A microbenchmark attempts to measure the performance of a “small” bit of code. These tests are typically in the sub-millisecond range. The code being tested usually performs no I/O, or else is a test of some single, specific I/O task. [1]

We maintain and measure a set of such microbenchmarks for example blink_perf, dromaeo, gpu_perftests, and rasterize_and_record_micro.
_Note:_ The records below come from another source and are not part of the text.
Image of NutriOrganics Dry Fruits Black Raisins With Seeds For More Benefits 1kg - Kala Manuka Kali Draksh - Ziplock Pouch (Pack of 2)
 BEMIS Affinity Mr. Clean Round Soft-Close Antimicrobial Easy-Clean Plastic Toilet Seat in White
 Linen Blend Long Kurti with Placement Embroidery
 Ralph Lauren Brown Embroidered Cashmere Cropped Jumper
[1] https://github.com/google/caliper/wiki/JavaMicrobenchmarks#what-is-a-microbenchmark

Interesting sources of false positives

Due to their nature microbenchmarks are much more sensitive to changes in the underlying abstraction levels which can result in a large number of false positive alerts. Below are some of such changes relevant to Chromium.

AFDO rolls.

Automatic Feedback Directed Optimization is a process that produces profile-based optimization hints that are applied by the compiler. It can result in changes to inlining (as well as causing more inlining, it can also prevent inlining). The inlining decisions made by AFDO can have noticeable impact on micro benchmarks, especially those involving tight loops or tight recursion. Unfortunately the decisions are not always stable and can flip from inline to don't inline without any changes in the code being benchmarked.
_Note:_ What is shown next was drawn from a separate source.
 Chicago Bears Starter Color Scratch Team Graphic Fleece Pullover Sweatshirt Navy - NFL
https://crbug.com/889742 is has more details and many duped bugs.

No-op refactors that prevent AFDO

It's also possible to make no-op changes to code, cauing the previous AFDO data to be inapplicable (e.g. function name change). This can result in apparent regressions which recover spontaneously once new AFDO data is generated based on the new code. E.g. https://crbug.com/855544 was a specific case of this. One way to dig into this is to examine the compiled functions before and after the no-op change, to see if inlining has changed.

If you have a function that you believe should always be inlined in production builds, please contact gbiv@chromium.org for advice.

Toolchain rolls

Our toolchain team regularly rolls in new versions of clang, the compiler for all of Chromium. Though it‘s rare, these rolls may cause unintended performance changes. These rolls are represented as regular CLs/commits to Chromium’s repository (e.g. https://chromium-review.googlesource.com/c/chromium/src/+/1436036), so it‘s often pretty simple to attribute a performance change to a compiler roll. If you believe a compiler roll has slowed down your microbenchmark, please reach out to whoever landed the roll for guidance. It may be difficult, but if you can reduce your test-case in any way from ‘simply build all of Chrome!’ (even by just providing the before/after assembly), it’s a huge help.